The Mudcat Café TM
Thread #147439   Message #3421925
Posted By: TheSnail
18-Oct-12 - 07:59 AM
Thread Name: learning to play by ear?
Subject: RE: learning to play by ear?
Steve Shaw

If you encourage beginners to learn tunes from a book, of course you're encouraging them to fast-track. Why else would you do it?

In some cases, to make it possible at all. Learning by ear is not a universal skill and people have it to different degrees. I have heard that there is an orchestral piece that only exists because Mozart, at the age of about 13, heard it at a concert then went home and wrote it down from memory. Can you do that? You are fortunate to have some skill along that spectrum. Don't begrudge access to the music to those that don't.

The only "advantage" (utterly misguided to see it that way, of course) to learning tunes from books over listening to people playing is that you can learn a lot of tunes more quickly.

Steve, I have said repeatedly said, and so have others, that learning from books has to be done along with listening to the music and playing with others. It is not one or the other.

It panders to that enthusiasm that then gets degraded into the impatience to get in there and get playing and get the free pints. "Learn" used there advisedly, of course.

Heaven forfend that anyone should show any enthusiasm for playing music. I don't know about you, Steve, but I play for the love of the music and the joy of playing music with other people not the free pints.

As for my "failure", well you wonder why I treat you with the disdain you so richly deserve when you say stupid bloody things like that.

Previously: Learning from books taught me entirely the wrong message, that there is a correct version and that you should pontificate about it should you come up against someone not playing it Mally's way. And it taught me precisely zilch about active listening as I learned, the need for flexibility, the subtleties of rhythm and how to vary and ornament tunes.

Sounds like failure to me. I wear your disdain with pride.

As for telling me I need to listen and play with other people, well why don't you go and tell your granny how to suck eggs too.
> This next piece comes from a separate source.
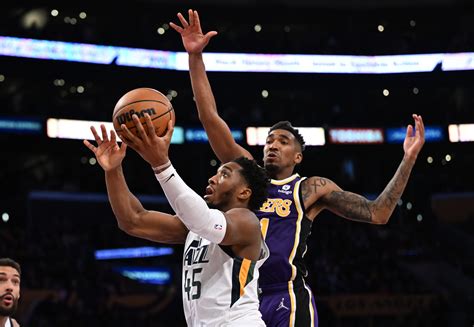 Ranking Utah Jazz Star Donovan Mitchell Among Shooting Guards At Asb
I said no such thing. As above, I said that, if you are learning from the dots, you need to listen and play with other people as well. Is the message getting through yet? It is very evident from your account of your own attempts to learn from tune books and your use of lines like "learning tunes from books over listening to people playing" that you did try and learn that way in isolation. You had unrealistic expectations of what the written note could do for you. I am glad you have found a way that suits you but presumably you couldn't learn by ear to start with otherwise you wouldn't have bothered with the tune books. Could it be that reading from the dots was part of the path to your present skills? I certainly know that my ear learning has improved over the years but without the dots, I would never have got started.